PEGIDA is the rise of fascism in Germany



PEGIDA is the rise of fascism in Germany

  The protests held every Monday in the German city of Dresden, a hotbed of far-right activities and a neo-Nazi stronghold, with xenophobic and Islamophobic discourses, have drawn growing numbers of people. We are faced with a new movement that manifests itself through rallies with anti-Islam banners and chants in this city, which has seen anti-Islam sentiment on the rise in recent years. Growing participation in rallies held by the Patriotic Europeans Against the Islamization of the Occident (PEGIDA), confronts us with a new phenomenon that should be analyzed by social scientists. PEGIDA's rallies in the square in front of the Semperoper opera house in Dresden drew 500 people on Oct. 27, 1,000 people on Nov. 3, 1,700 people on Nov. 10, 3,000 people on Nov. 17, 5,500 on Nov. 24, 7,500 on Dec. 1, 10,000 on Dec. 8, 15,000 on Dec. 15 and 17,500 people on Dec. 22. Some of the banners carried by marchers had slogans such as: "We miss our country" and "Stop immigrants abusing our social welfare system." It is seen that PEGIDA's anti-Islamic and anti-immigration stance has spread across the nation. As rallies attract growing numbers of people, politicians as well as more than 5 million immigrants living in the country are becoming anxious.
PEGIDA is an anti-Islam movement that started with 300 people in Dresden, where immigrants account for just 2.5 percent of the population and Muslims numbering only 0.1 percent. In other words, the statistically insignificant number of Muslim immigrants in the city pales in comparison to those in other German cities. The movement asserts that it is "not against Islam, but against the Islamization of Europe," "not against immigrants coming from war-torn countries, but against economic migrants." PEGIDA picks out patriotic European Muslims and Islam as scapegoats for various political and social problems and legitimizes the rising xenophobia and discrimination against refugees.

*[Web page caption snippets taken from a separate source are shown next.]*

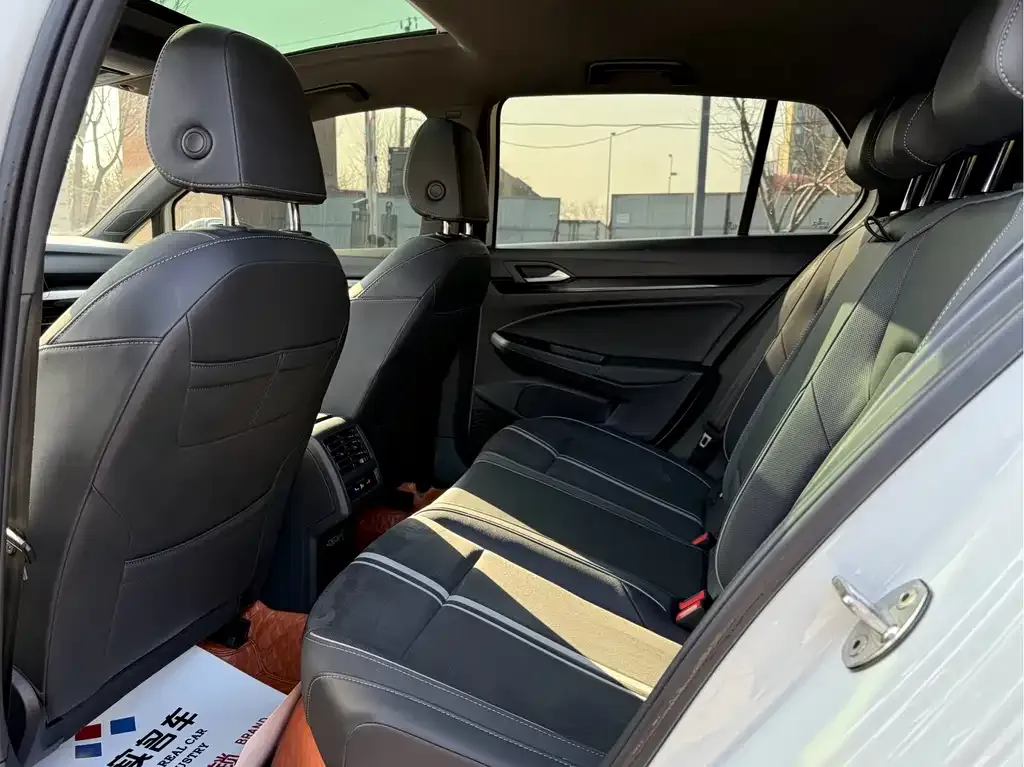 Volkswagen Golf 2022 из CN, фото 3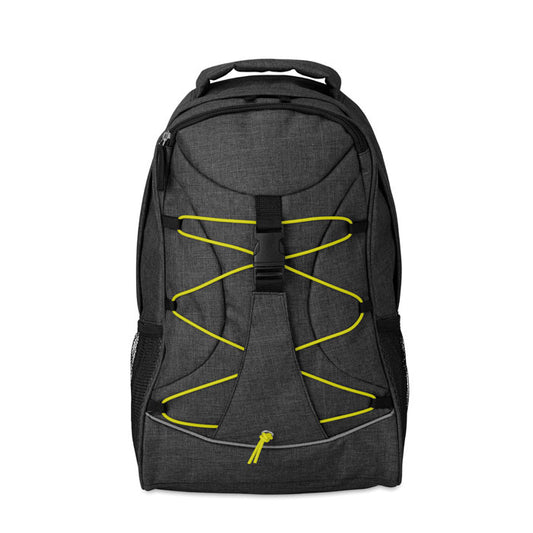 Mochila de poliéster jaspeada con revestimiento de colores contrastantes y cordón decorativo fluorescente en la parte frontal. Bolsillos de malla en ambos lados.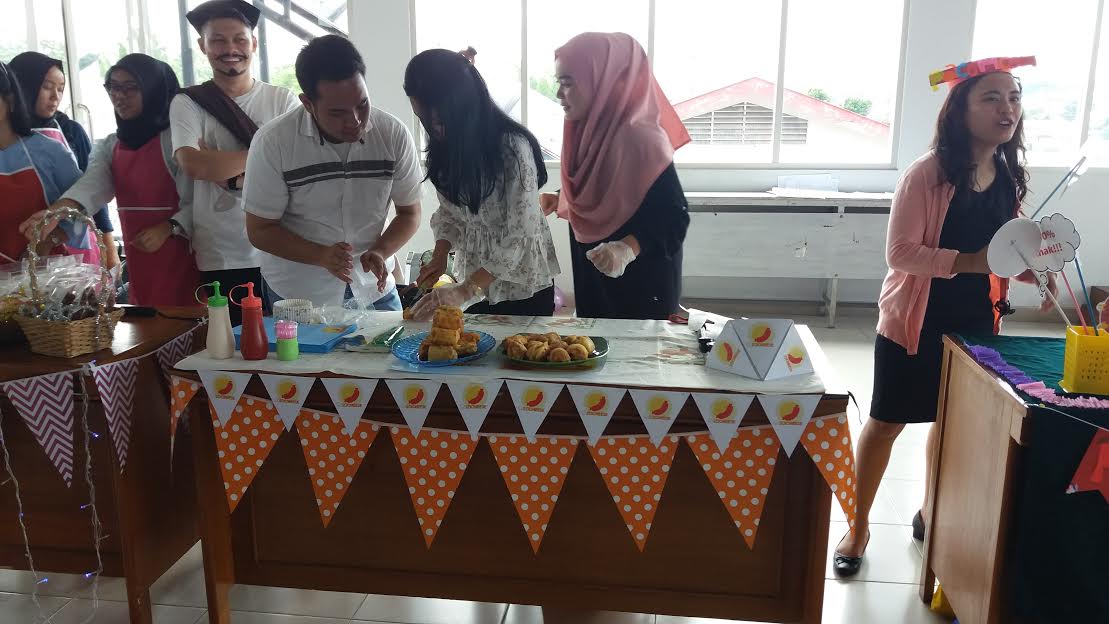 cskripikummi's tweet photo. kalau yang ini, yang suka ngemil goreng-gorengan penuh rasa. dijamin rasanya nampol dilidah... @mulmubarak #Bizday2017 #digmarkstiekesatuan https://t.co/Wp4iITUS0b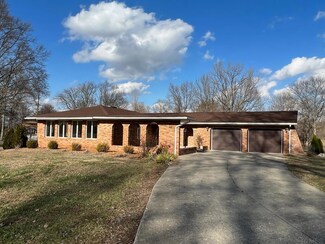 3584 Bittersweet Dr, Jasper, IN 47546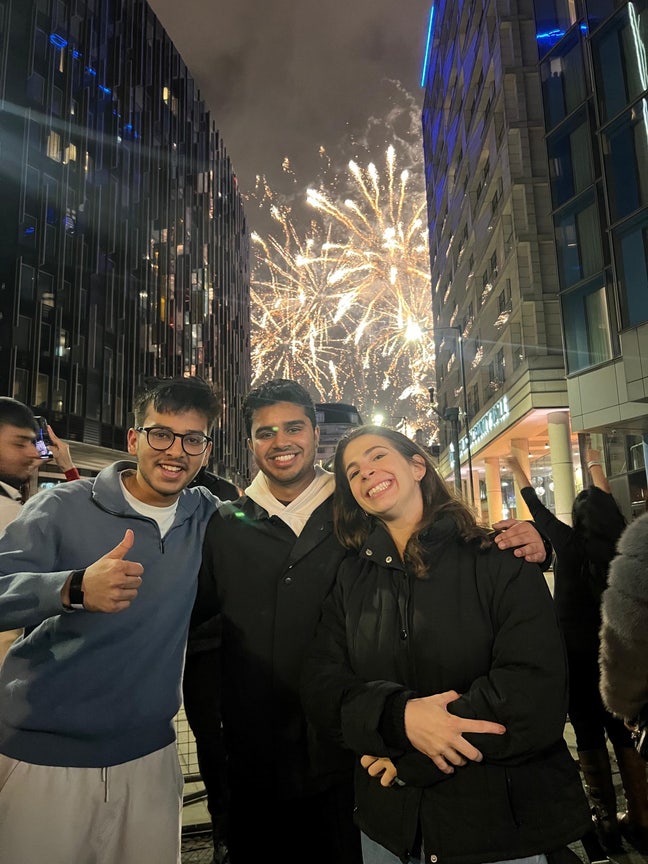 Looking for a flatmate  Main Photo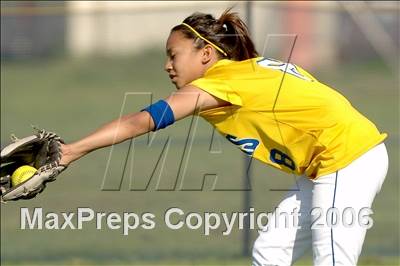 Thumbnail 2 in Garey @ Charter Oak photogallery.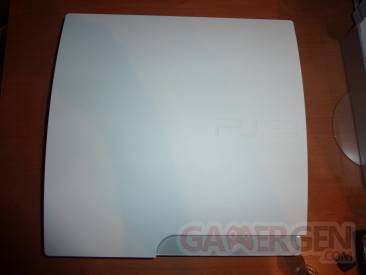 ps3 slim blanche_ps3_classic_white_pictures_081111_10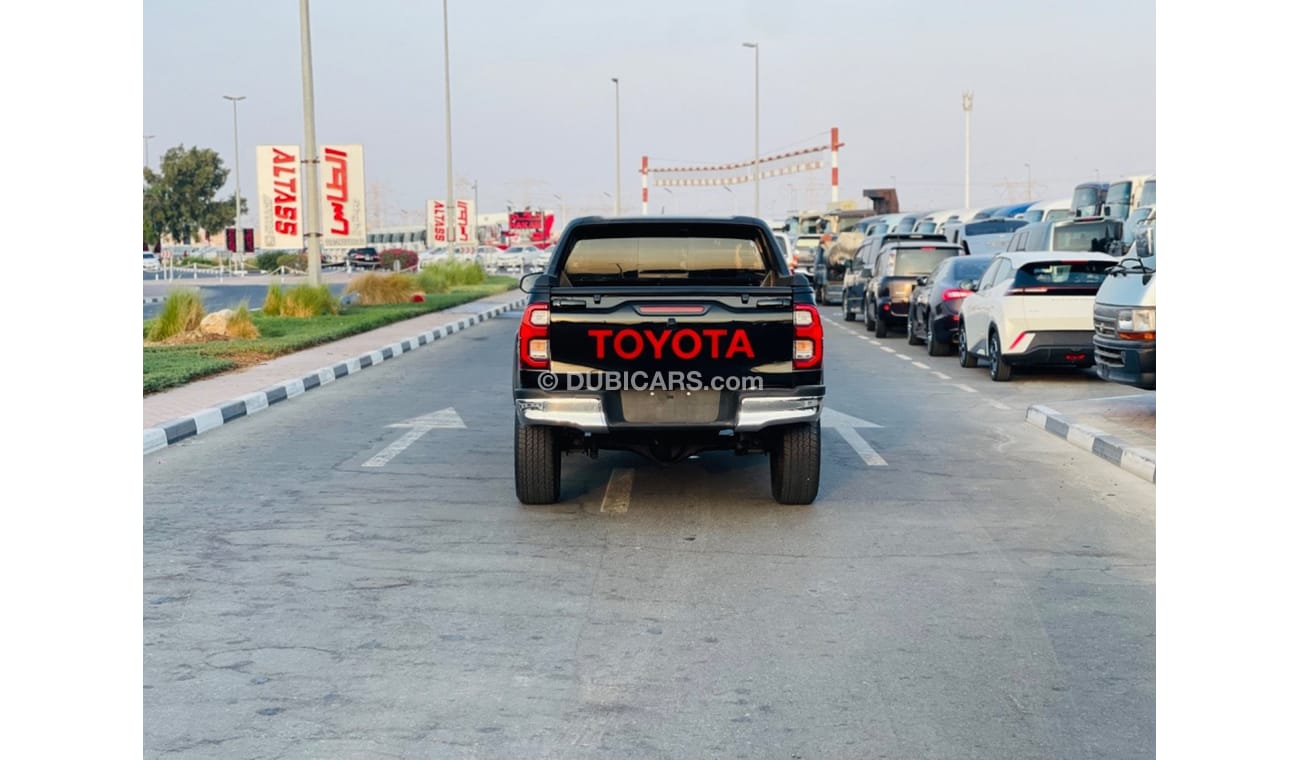 تويوتا هيلوكس Toyota Hilux pickup 2019 facelifted 2023 V4 2.8 Diesel Automatic left hand drive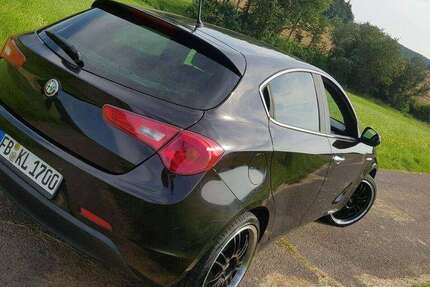 Alfa Romeo Giulietta 118.000 km 4.625 &euro; Nidda, Stadt 63667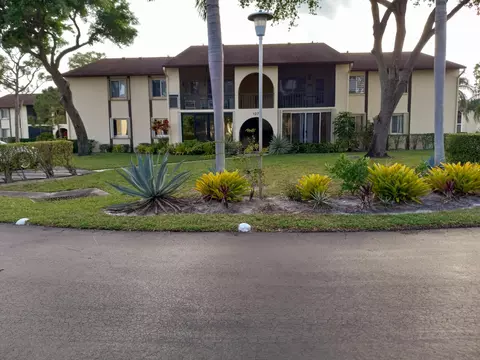 127 Lake Pine Cir #D-2, Greenacres, FL 33463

PEGIDA is made up of a broad mix of far-right radicals, hooligans and desperate and excluded citizens. The 41-year-old leader of PEGIDA, Lutz Bachmann, has a criminal record for burglary, assault and a conviction for drug possession. Bachmann insists that he cannot be deemed a "racist," saying one of the witnesses at his wedding was Turkish. He says that they fight for the fatherland, which has been under the rule of Germans for centuries and that people take to the streets for this purpose.

There are also claims that Bachmann has worked for the German secret service. Bachmann plans to expand PEGIDA, which started in Dresden, to 14 more centers. In many German cities similar movements have begun with names formed by combining the first two letters of the city with the rest of the acronym - Legida in Leipzig, Bogida in Bonn and Dügida in Düsseldorf. It is feared that similar rallies may emerge in different European countries as well. PEGIDA members say that they are against preachers of hate and religious or political radicalism regardless of religious affiliation and that is why they march against parallel societies formed by immigrant communities that do not integrate with local communities by keeping their cultural norms. They see it as part of their right to maintain and protect Western Judeo-Christian culture.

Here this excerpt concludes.